How might the preceding speculative hypotheses be confirmed or refuted? The hypotheses suggest the following:
(A) The % of dark matter + the % of standard matter remains constant over spans of cosmological time. Let (20 + A) % denote this constant %.
(B) The % of dark energy remains constant over spans of cosmological time. Let (70 + B) % denote this constant %.
(C) The % of standard matter decreases over spans of cosmological time according to the formula: % of standard matter at time T = (20 + A) * (1 – (T/ (81.6 billion years))) %, where T is the age of the universe and T is less than 80 billion years.
(D) The % of dark matter increases over spans of cosmological time according to the formula: % of dark matter at time T = (20 + A) * (T/(81.6 billion years)) %, where T is the age of the universe and T is less than 80 billion years.
Precise astronomical data allows the approximate calculation of the constants A, B.
.0456 ± .0015 is the % of baryon density.

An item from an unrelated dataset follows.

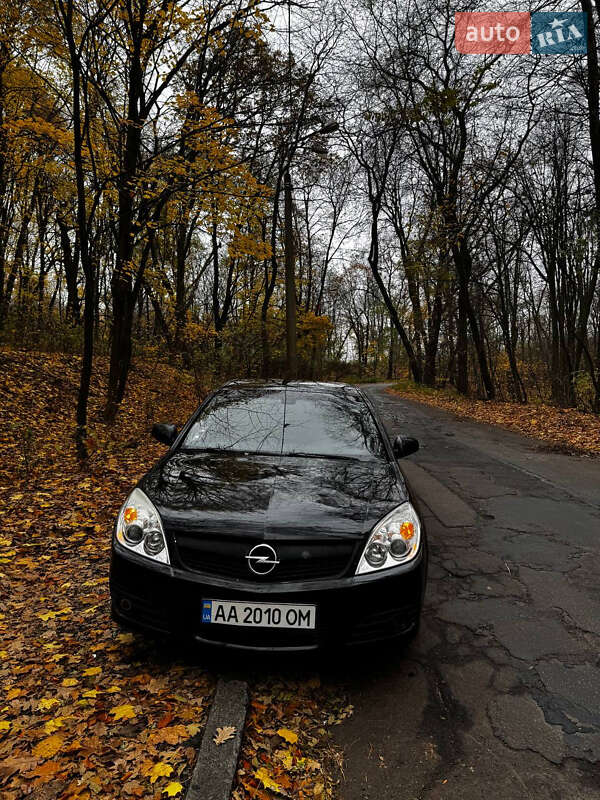 Седан Opel Vectra 2007 в Киеве фото 2 Седан Opel Vectra 2007 в Киеве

.228 ± .013 is the % of dark matter. By addition, we see that
.2736 ± .0145 is the supposedly constant % hypothesized. (That is, A = 7.36, where A + B = 10.)
Observe that 6 times (.0456 ± .0015) equals .2736 ± .009 — thus indicating to 2 decimal places of accuracy that the preceding hypotheses (1) through (12) together explain space roar. The % of dark matter was much lower in the very early universe so naturally there was a greatly increased % of electromagnetic noise — in fact about 6 times as much noise. However, much more might be true. Consider the following:
SPACE ROAR PROFILE PREDICTION: For cosmological radio emissions in the centimeter range, if T represents the age in billions of years of the universe at the time of the radio emission and if T < 6.5 billion years, then space roar increases as T decreases according to the formula:
Space_roar(T) = (% of standard matter at time T)/(% of standard matter now) = (27.36 * (1 – (T/(81.6 billion years))))/(4.56).
What if the preceding prediction is wrong? Because of mathematical facts, are there only 2 plausible possibilities for a multiverse model: (1) M-theory with the infinite nature hypothesis or (2) M-theory with the finite nature hypothesis? What should M-theory explain? …
http://en.wikipedia.org/wiki/Lambda_CDM_model
http://en.wikipedia.org/wiki/Space_roar
Interesting. I guess time will tell if the data bear this out, huh? It’s possible that one or more parts are wrong. I don’t know enough about physics or cosmology to comment about that. But it will be interesting to see what the future holds with instrumentation getting better and all the discoveries we are making these days. Thanks! Definitely food for thought.